Hacker News new | ask | show | jobs
by mjw 3681 days ago
My main quibble from this paper is:

> For deeper networks, Corollary 2.4 states that there exist “bad” saddle points in the sense that the Hessian at the point has no negative eigenvalue.

To me these sound just as bad as local minima. Also I don't think it's standard to call something a saddle point unless the Hessian has negative as well as positive eigenvalues. Otherwise there's no "saddle", more something like a valley or plateau.

They claim that these can be escaped with some peturbation:

> From the proof of Theorem 2.3, we see that some perturbation is sufficient to escape such bad saddle points.

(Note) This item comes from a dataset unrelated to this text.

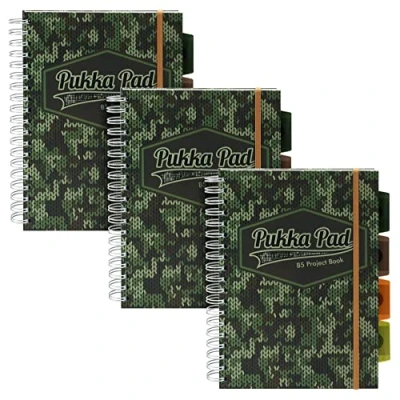 Image of Pukka Pad, Camo Knit 5 Subject Double Spiral Bound B5 Project Book with 4 Dividers 80GSM Paper 8mm lines and Micro Perforated Margins 3 Pack, 7 X 10 (9756 CAM)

I haven't read through the (long!) proof in detail but it doesn't seem obvious to me why these would be any easier to escape via peturbation than a local minimum would be, and I think this could use some extra explanation as it seems like an important point for the result to be useful. Did anyone figure this bit out?

1 comments

A saddle is a critical point that's not a local extremum--the Hessian could just be zero, for example, like x^4-y^4 at (0,0).
Ah yep, true. I'd forgotten you can still get the saddle effect from higher-order derivatives, the Hessian eigenvalues aren't enough to characterise it.

I was thinking of examples like (x-y)^2 at zero, although I guess that's still a local minimum, just not a unique local minimum in any neighbourhood.